在文教方面,康有为最重要的是废除八股,改试策论。清德宗虽然同意了废除八股,但只是废除了形式,换汤不换药:“著自下科为始,乡会试及生童岁科各试,向用四书文者,一律改试策论”,紧接着说:“至于士子为学,自当以四子六经为根柢,策论与制艺,殊流同源,仍不外通经史以达时务,总期体用兼备,人皆勉为通儒,毋得竞逞博辩,复蹈空言,致负朝廷破格求才至意。”这道上谕完全是洋务派的观点。对于改革科举的争论,光绪帝毫不含糊地支持了洋务派。
光绪帝并非完全不采纳维新派的建议,例如广开言路、禁止缠足都被清德宗采纳,但都是次要问题。在重大问题上,清德宗是没有采纳维新派的意见的。而在百日维新中,清德宗虽下了一百多道诏书,但是反复强调的都是练兵和筹饷。这也是洋务派的主张。可以说,光绪帝和维新派是同床异梦的。
当年清德宗之所以会被维新派所震动,是因为在上书中有一旦亡国,皇帝将“求为长安布衣而不可得”,甚至像明思宗一样自缢于煤山。清德宗对奕劻讲:“太后若仍不给我事权,我愿退让此位,不甘作亡国之君。”并要奕劻转告慈禧,慈禧听后大怒,道:“他不愿坐此位,我早已不愿他坐之。”经过奕劻劝解,慈禧才表示:“由他去办,俟办不出模样再说。”奕劻便向光绪帝说:“太后不禁皇上办事”。于是才有了后来的戊戌变法。
明定国是诏发布后,慈禧立刻命令翁同龢“开缺回籍”,并以荣禄为直隶总督,并命二品以上大臣到太后前谢恩。随后又授荣禄为文渊阁大学士,并使他以直隶总督兼北洋大臣,命崇礼署步兵统领,派怀塔布管理圆明园官兵,刚毅管理健锐营。可以说京畿的兵权全被慈禧把控。这之后她才对光绪帝表示:“汝但留祖宗神主不烧,辫发不剪,我便不管。”清德宗采取的这些措施完全倾向于洋务派,这是因为洋务派是同买办资产阶级相结合的封建大地主,而维新派则是软弱的动摇的民族资产阶级。洋务派的观点对于维护清朝的统治有益,而维新派的观点则要实行“君主立宪制”,这是光绪帝不能容忍的,也是清德宗支持洋务派的重要原因。而慈禧太后对于洋务派的观点也是支持的,所以她在百日维新中并没有采取措施去阻挠。
叶赫那拉·杏贞
但是清德宗和慈禧太后双方最重要的分歧是权力的归属,慈禧太后允许清德宗进行改革,但绝不允许他有自己的亲信。

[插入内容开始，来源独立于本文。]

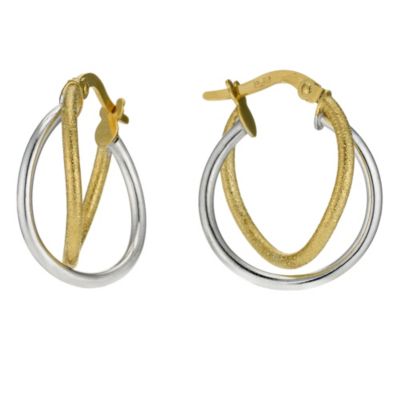 9ct Yellow and White Gold Double Creole Earrings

七月十四日,清德宗裁撤詹事府、通政司、光禄寺、大理寺、太常寺、鸿胪寺、太仆寺等机构,并裁撤湖北、广东、云南的巡抚。十六日,清德宗把阻挠主事王照上条陈的礼部尚书怀塔布、许应骙等交部议处。再加上二十日任命军机四卿触碰了慈禧的底线,慈禧从此开始采取措施对清德宗实行限制了。恽毓鼎的《崇陵传信录》记载:八月初六日(9月21日),慈禧太后由间道入西直门,带人直达皇帝住处,把一切文件都搜括拿走,又把皇帝召入训斥:“我抚养汝二十余年,乃听小人之言谋我乎?”清德宗半晌才说出一句:“我无此意。”慈禧又唾他说:“痴儿,今日无我,明日安有汝乎?”慈禧当即传旨,说皇帝生病不能办事,由她“临朝训政”。换句话说,清德宗起用维新派只是要形成自己的势力,以与太后抗衡,要太后“给我事权”。对此,章太炎在《驳康有为论革命书》中指出,光绪皇帝担心的是太后把他废置。他经过盘算,不能取得外国帝国主义的欢心,也就不能排斥太后的权力。他搞戊戌变法,是为了保护自己的权位:“盖自乙未以后,彼圣主所长虑却顾,坐席不暖者,独太后之废置我耳。殷忧内结,智计外发,知非变法,无以交通外人,得其欢心;非交通外人,得其欢心,无以挟持重势,而排沮太后之权力。载湉小丑,未辨菽麦,铤而走险,固不为满洲全部计。长素乘之,投间抵隙,其言获用,故戊戌百日之政,足以书于盘盂,勒于钟鼎,其述则公,而其心则只以保吾权位也。曩令制度未定,太后夭殂,南面听治,知天下之莫予毒,则所谓新政者,亦任其迁延堕坏而已。非直堕坏,长素所谓拿破仑第三新为民主,力行利民,已而夜宴伏兵,擒议员百数,及知名士千数,尽置于狱者,又将见诸今日。”可以说,章太炎的推断是很有见地的。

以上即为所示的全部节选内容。